Yara : Pour que tout le monde sache que nous étions bel et bien mar­iés, nos par­ents ont organ­isé un mariage avec nos deux familles rassem­blées.

Abed : En Turquie cela a été dif­fi­cile mais cela a été pour notre cou­ple une superbe expéri­ence car on devait tra­vailler pour vivre, mais sans papiers en Turquie en principe ce n’est pas per­mis mais si on ne tra­vail­lait pas on se serait retrou­vés à la rue.

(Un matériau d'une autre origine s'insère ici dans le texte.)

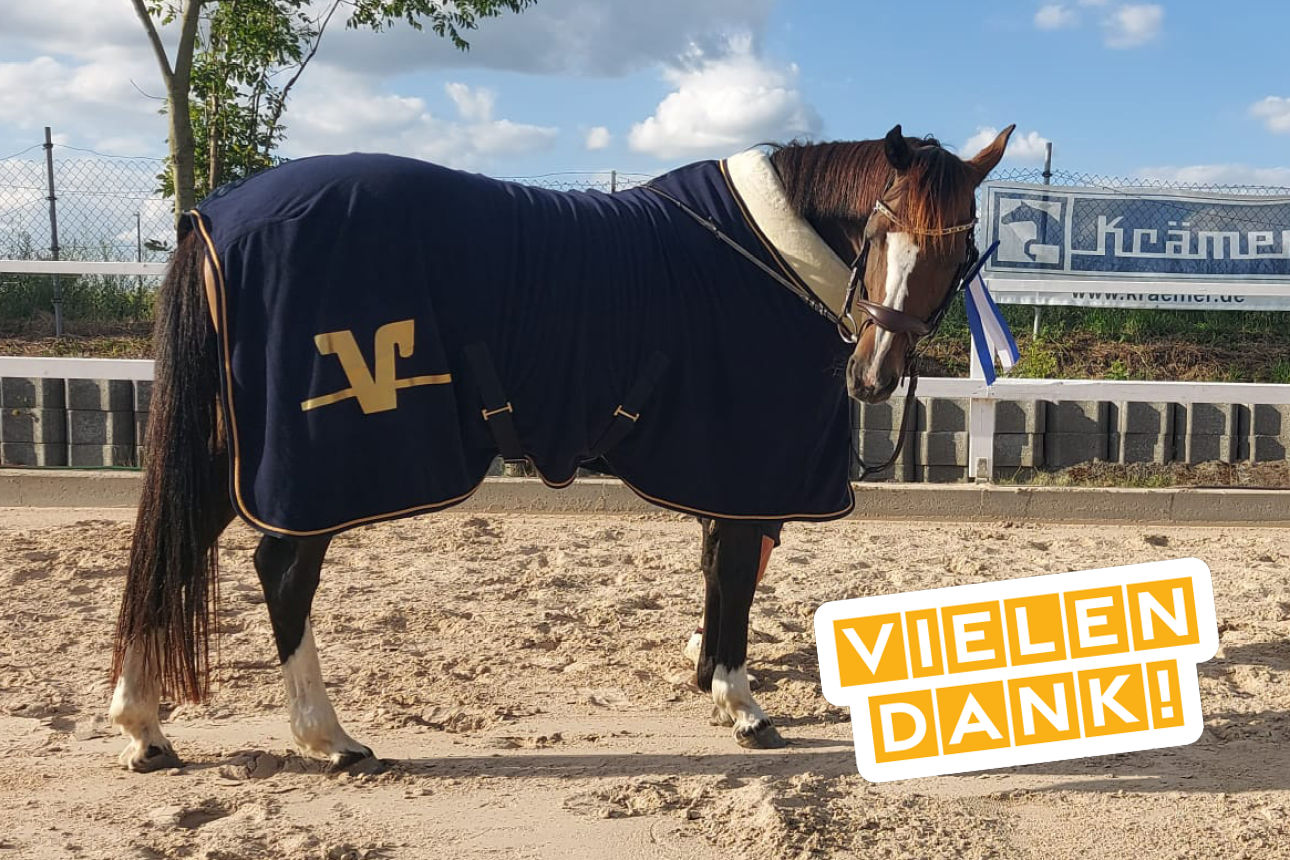 Pferd mit Decke steht auf dem Platz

Donc on a écrit un mail à l’ambassade de France à Ankara pour expli­quer notre sit­u­a­tion, car nous étions un peu en dan­ger, car nous sommes issus de familles musul­manes alaouites et ismaéli­ennes mais nous ne sommes pas du tout pra­ti­quants, ni religieux du tout et Yara ne por­tait pas le voile, cela posait prob­lème même avec les Syriens réfugiés avec qui nous tra­vail­lions.

Hélène : Si on reve­nait à votre his­toire d’amour… Quand vous vous êtes retrou­vés après 5 mois en Turquie, com­ment cela s’est-il passé ?

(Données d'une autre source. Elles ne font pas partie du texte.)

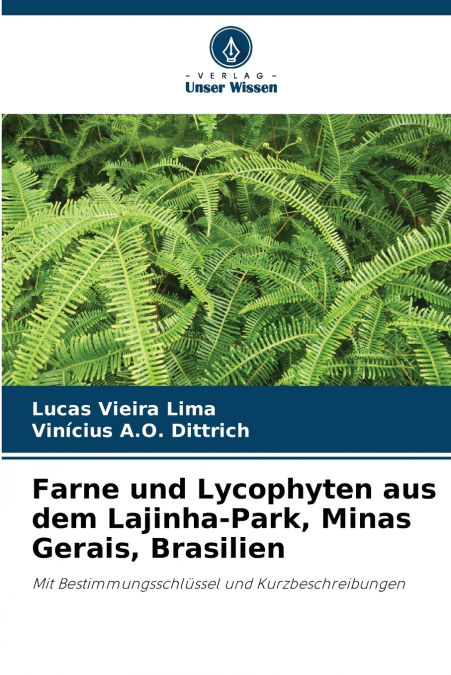 Farne und Lycophyten aus dem Lajinha-Park, Minas Gerais, Brasilien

Yara : Après tout ce que nous avions tra­ver­sé, la pres­sion était retombée, un mois plus tard donc je me réveil­lais et je le voy­ais à coté de moi et je me dis­ais wahou ! Cela est vrai­ment réel, ce dont je rêvais avec lui s’est réal­isé ! Tout ce que j’imaginais : peut-être que je dormi­rai avec Abed, peut-être que je mangerai tous les soirs avez Abed, et là cela se réal­i­sait enfin !!! C’était très bizarre et beau !

Abed : Oui c’était un moment inou­bli­able, surtout le moment des retrou­vailles car Yara a eu un prob­lème quand elle est venue en Turquie, elle a pris la route pour le Liban, puis l’avion jusqu’à Adana en Turquie puis elle devait pren­dre un bus pour rejoin­dre Gazien­tep mais le chauf­feur a dit qu’elle n’avait pas réservé sa place donc elle ne pou­vait pas mon­ter dans le bus. Et là j’ai pro­posé de venir jusque là mais elle m’a dit non je me débrouillerai.

Yara : C’était très dur pour moi car je ne par­lais pas turc et pas d’autres langues et je n’avais pas inter­net, ni de télé­phone, mais c’est l’amour qui me guidait et me don­nait espoir afin de trou­ver une solu­tion. Et pour nous c’était en plus une pre­mière fois, une pre­mière expéri­ence à l’étranger en dehors de la Syrie ! Je ne savais pas com­ment utilis­er l’argent, com­ment me débrouiller, j’ai donc pris le bus quand même, j’ai repéré une Syri­enne à qui j’ai demandé son télé­phone pour appel­er Abed et lui dire que j’arrivais dans une heure.

Abed : Le moment où l’on s’est retrou­vé à Gazien­tep à sa descente du bus est très dif­fi­cile à décrire, car tous les sen­ti­ments et toutes les émo­tions sont arrivés en même temps.